The article below is as it appears in the journal save that I have reinserted twenty two words which, for whatever reason, did not make the final edit. (If you’re the sort of person who enjoys a quiz – a Christmas Quiz! – you may enjoy having a punt at which words have been reinserted.)
Speaking of Christmas, I wish readers greetings of the season, and more especially, a 2018 of peace and goodwill. On that latter wish, well, don’t hold your breath, but do what you can. Others are having a bash at it too.
Children and teenagers want and need to take risks. They do this ‘naturally’ in the sense that, left to their own devices, they seek out and create encounters that carry degrees of risk or uncertainty. This process of risk-taking necessarily entails exploration, discovery, and learning – about oneself, one’s capabilities, and the wider world. To take a risk is to assert one’s autonomy and power of agency. It is to learn by doing that actions have consequences. It is an aspect of moral education. Play and risk-taking are creative acts. A perspective to bear in mind as we briefly survey the scene.

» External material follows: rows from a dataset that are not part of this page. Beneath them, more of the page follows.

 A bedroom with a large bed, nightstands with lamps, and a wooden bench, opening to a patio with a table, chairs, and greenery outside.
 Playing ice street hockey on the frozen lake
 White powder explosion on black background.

Here’s a conventional playground: fenced, rubber or synthetic ‘safety’ surface, inert, uniform, dead. Inside the fence are metal swings, slides, and climbing frames. Climbing, swinging, and sliding are the only actions the equipment formally allows. But there are always renegades who will use equipment ‘wrongly:’ climbing on to the roof of play equipment that was not ‘meant’ for climbing; being upside down on a swing or slide. It’s simple really: children are exercising their sense of agency, their autonomy, their creative capacity to bend even seemingly resistant environments to their own purposes and interests. And the risks they take are generated by their choices, their imaginations, their creativity.

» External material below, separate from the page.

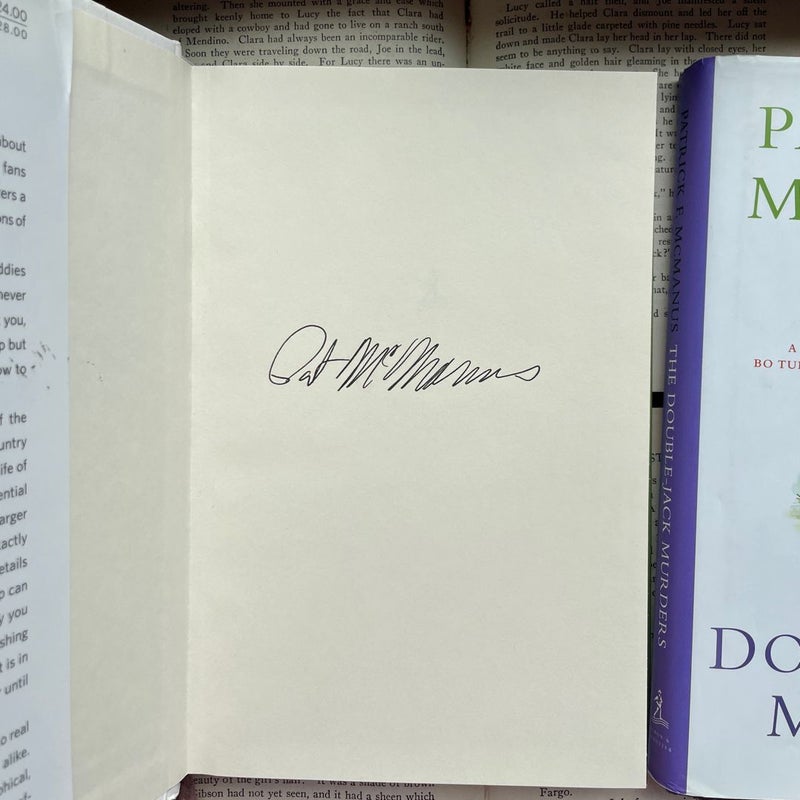 Two Autographed Patrick McManus books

Here’s the designer, perhaps a ‘starchitect,’ whose keen, cultivated, sensibility conflates form and function – if it looks risky, it is risky. Nope. The designer, weighted with rule book, restrictive (and often questionable) design standards, and liability anxieties may be part of the problem, not the solution.
But perhaps we should start with rights, rather than design. Spatial rights. In this case the rights of children and teenagers to be able to roam, use, and loiter around their cities, towns, and villages. Their rights to be seen and heard within shared social space. The right to play. And the concomitant requirement on adults not to think those rights are being accommodated simply by the provision of sequestered, age-defined reservations; that is, playgrounds. Simply saying this, thinking this, reframes the way space and its potential is perceived.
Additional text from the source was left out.